- _Your assignment_: Starting at the top of the entries below, write out each line up to and including the one containing "VOGE 900 DSX". Leave the pictures out.
-- Dataset records follows --
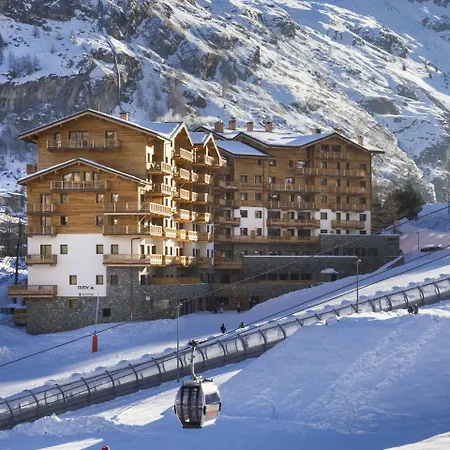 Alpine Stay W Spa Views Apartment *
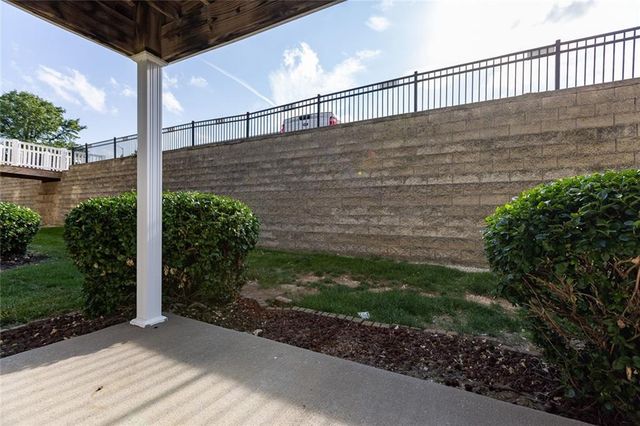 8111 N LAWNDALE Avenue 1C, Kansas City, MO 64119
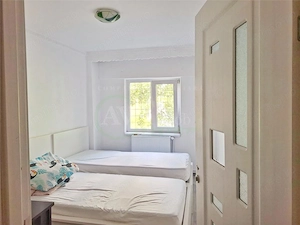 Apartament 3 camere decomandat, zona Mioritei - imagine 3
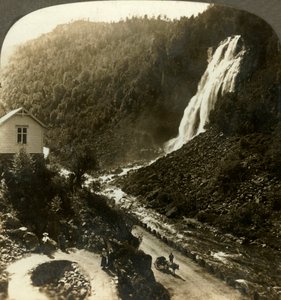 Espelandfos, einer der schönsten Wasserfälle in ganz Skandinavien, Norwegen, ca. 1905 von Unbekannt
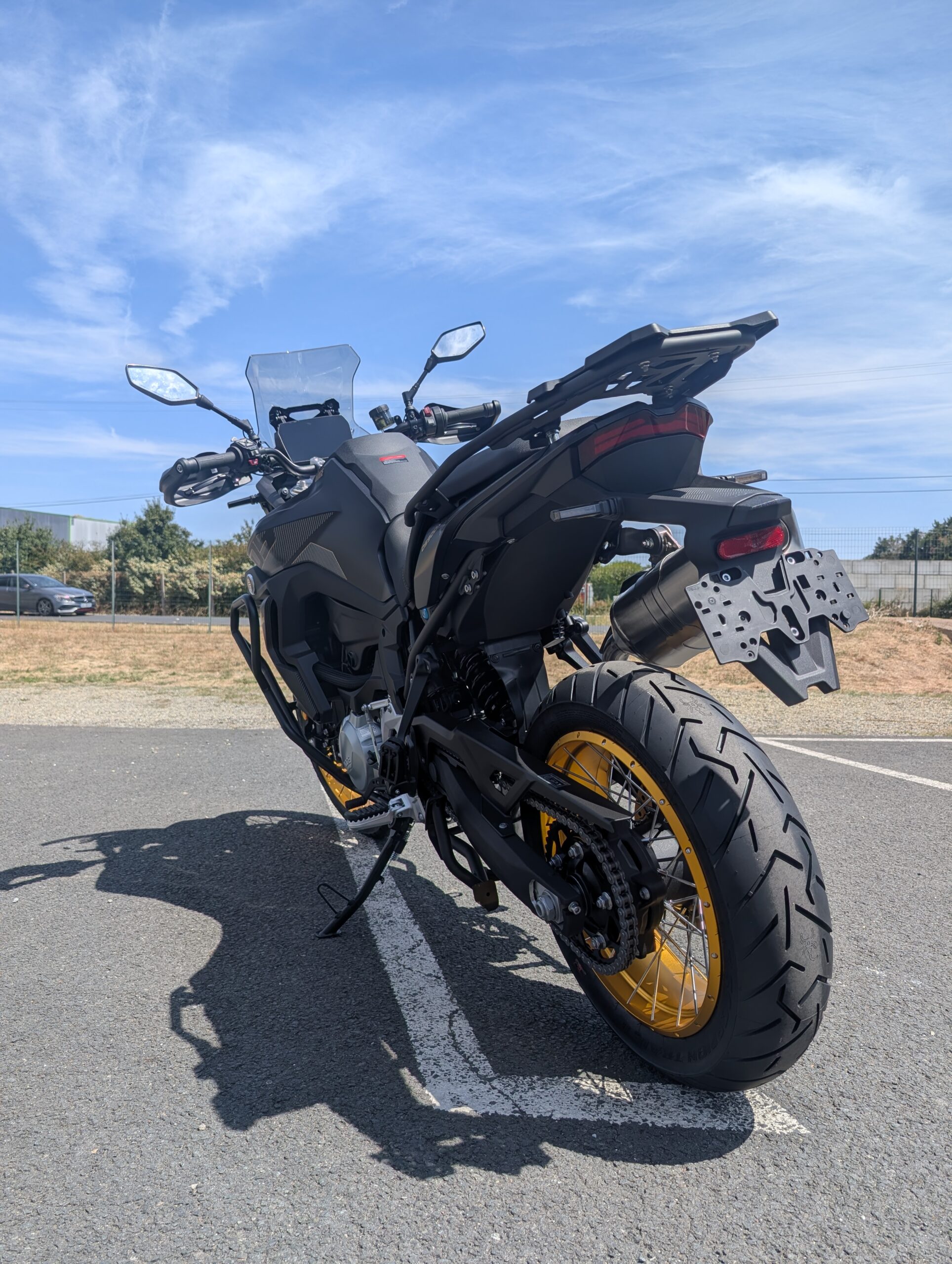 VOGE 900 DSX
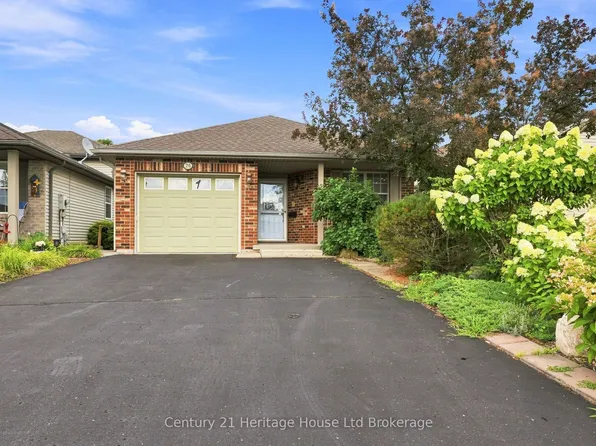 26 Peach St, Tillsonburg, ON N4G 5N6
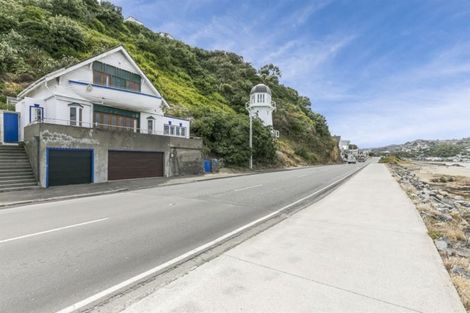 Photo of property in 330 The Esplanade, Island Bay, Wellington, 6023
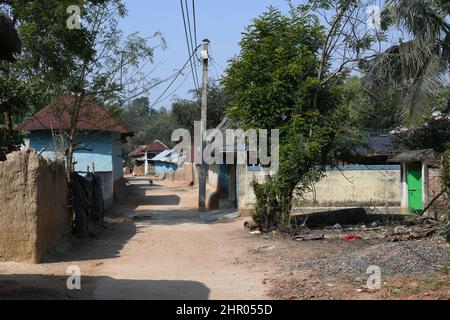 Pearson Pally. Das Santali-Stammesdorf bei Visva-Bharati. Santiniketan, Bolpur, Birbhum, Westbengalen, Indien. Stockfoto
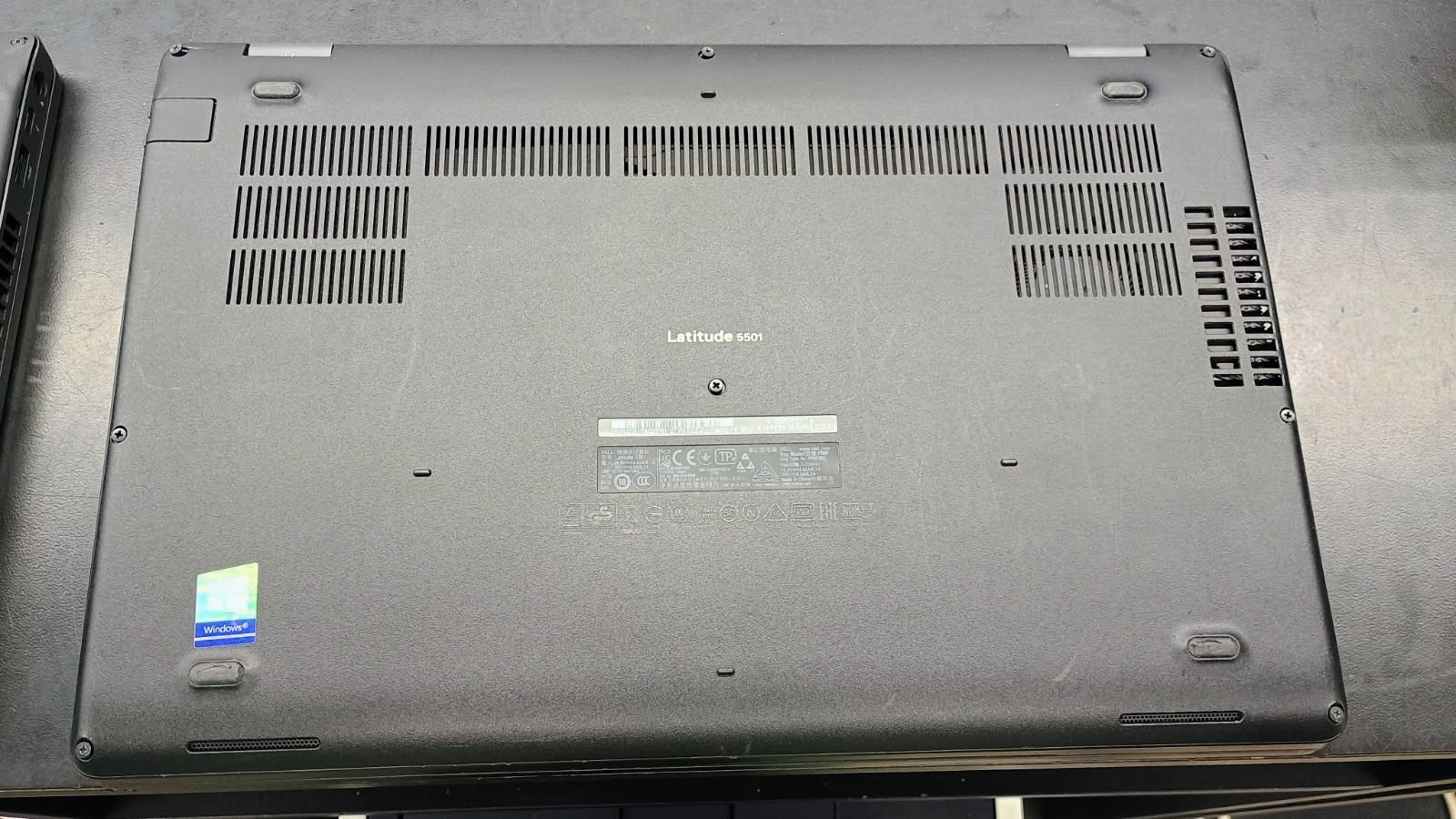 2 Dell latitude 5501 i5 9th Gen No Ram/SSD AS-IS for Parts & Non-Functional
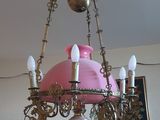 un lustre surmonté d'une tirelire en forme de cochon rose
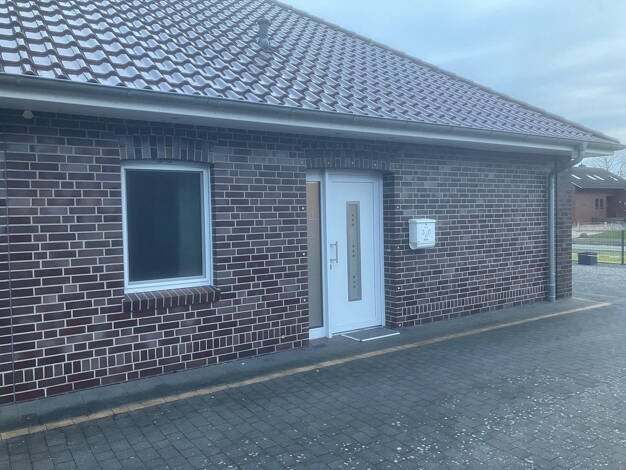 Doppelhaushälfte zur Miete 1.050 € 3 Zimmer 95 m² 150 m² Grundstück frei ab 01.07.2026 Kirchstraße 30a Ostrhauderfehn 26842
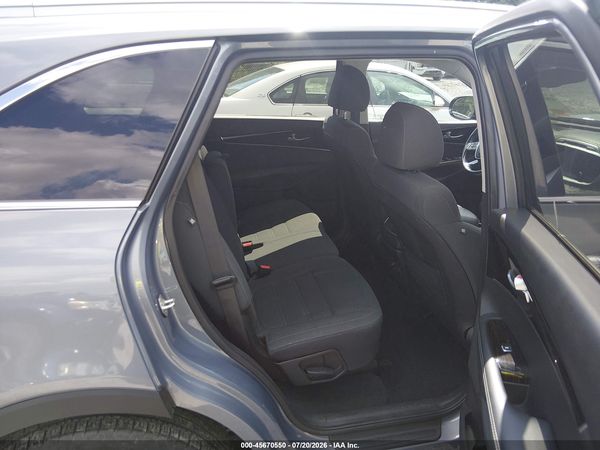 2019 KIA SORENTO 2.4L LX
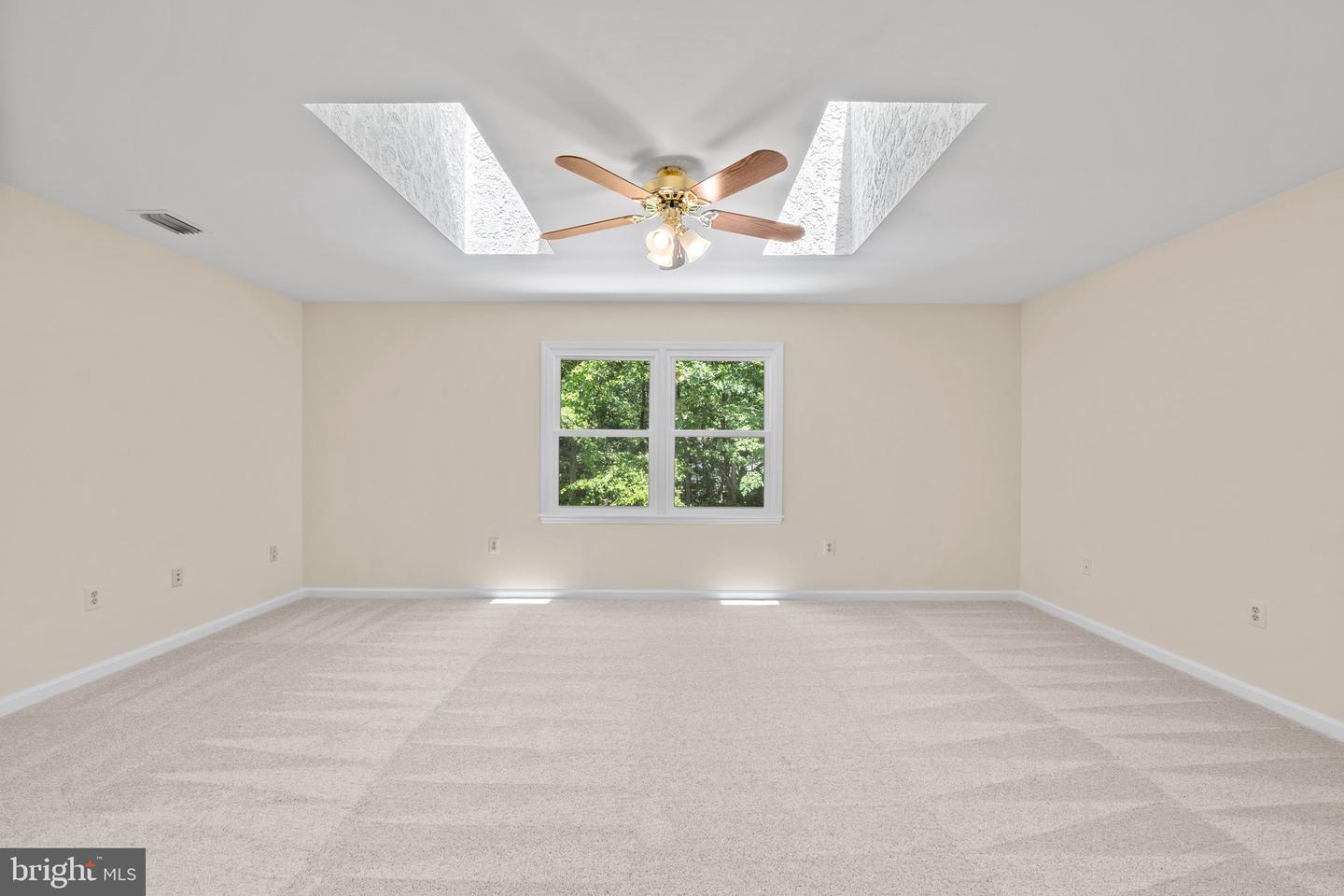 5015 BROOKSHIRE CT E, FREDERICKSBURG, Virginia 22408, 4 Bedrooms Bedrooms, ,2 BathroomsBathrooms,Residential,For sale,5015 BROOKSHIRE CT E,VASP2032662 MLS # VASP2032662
-- Dataset records concluded --
- _Solved problem_:
 Alpine Stay W Spa Views Apartment *
 8111 N LAWNDALE Avenue 1C, Kansas City, MO 64119
 Apartament 3 camere decomandat, zona Mioritei - imagine 3
 Espelandfos, einer der schönsten Wasserfälle in ganz Skandinavien, Norwegen, ca. 1905 von Unbekannt
 VOGE 900 DSX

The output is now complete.